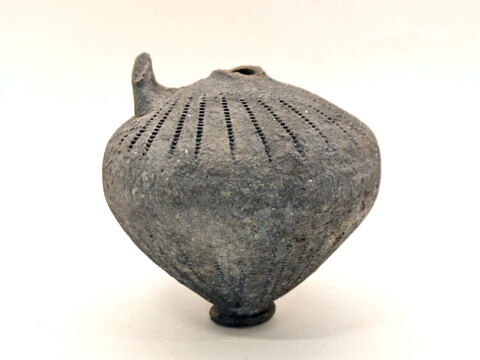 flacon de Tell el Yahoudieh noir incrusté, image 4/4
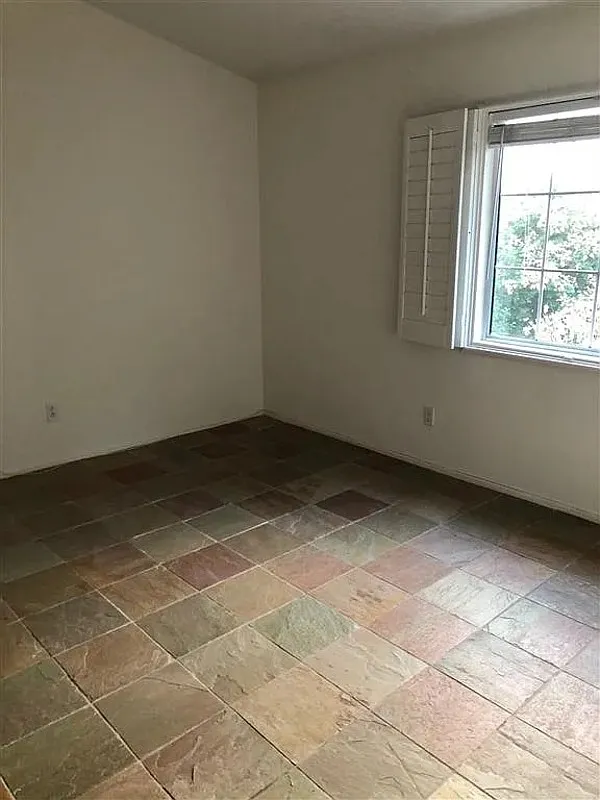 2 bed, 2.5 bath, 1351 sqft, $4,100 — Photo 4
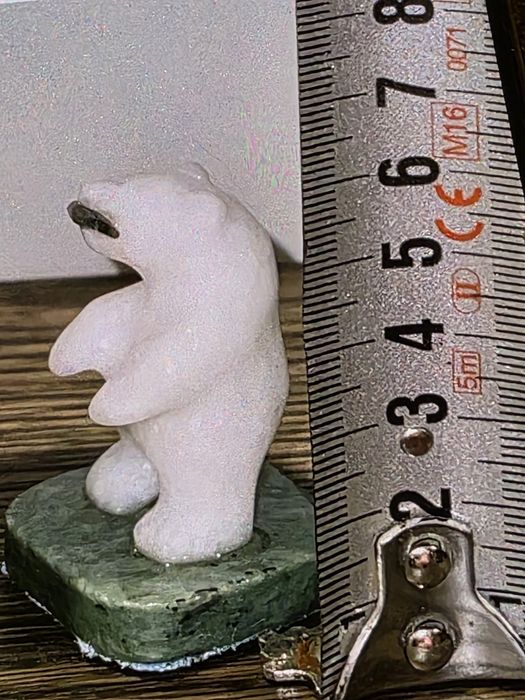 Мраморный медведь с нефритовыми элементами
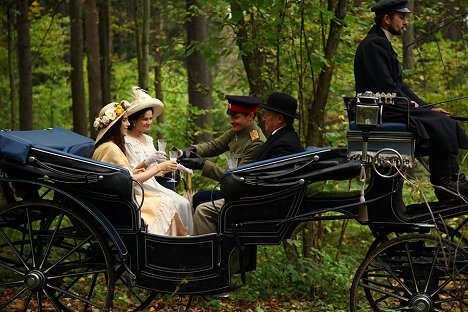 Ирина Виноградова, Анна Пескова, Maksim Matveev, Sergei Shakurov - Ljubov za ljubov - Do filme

EXERCISE OBJECTIVE: Return all the data exactly, pictures omitted.

RESPONSE TO THIS TASK:
 flacon de Tell el Yahoudieh noir incrusté, image 4/4
 2 bed, 2.5 bath, 1351 sqft, $4,100 — Photo 4
 Мраморный медведь с нефритовыми элементами
 Ирина Виноградова, Анна Пескова, Maksim Matveev, Sergei Shakurov - Ljubov za ljubov - Do filme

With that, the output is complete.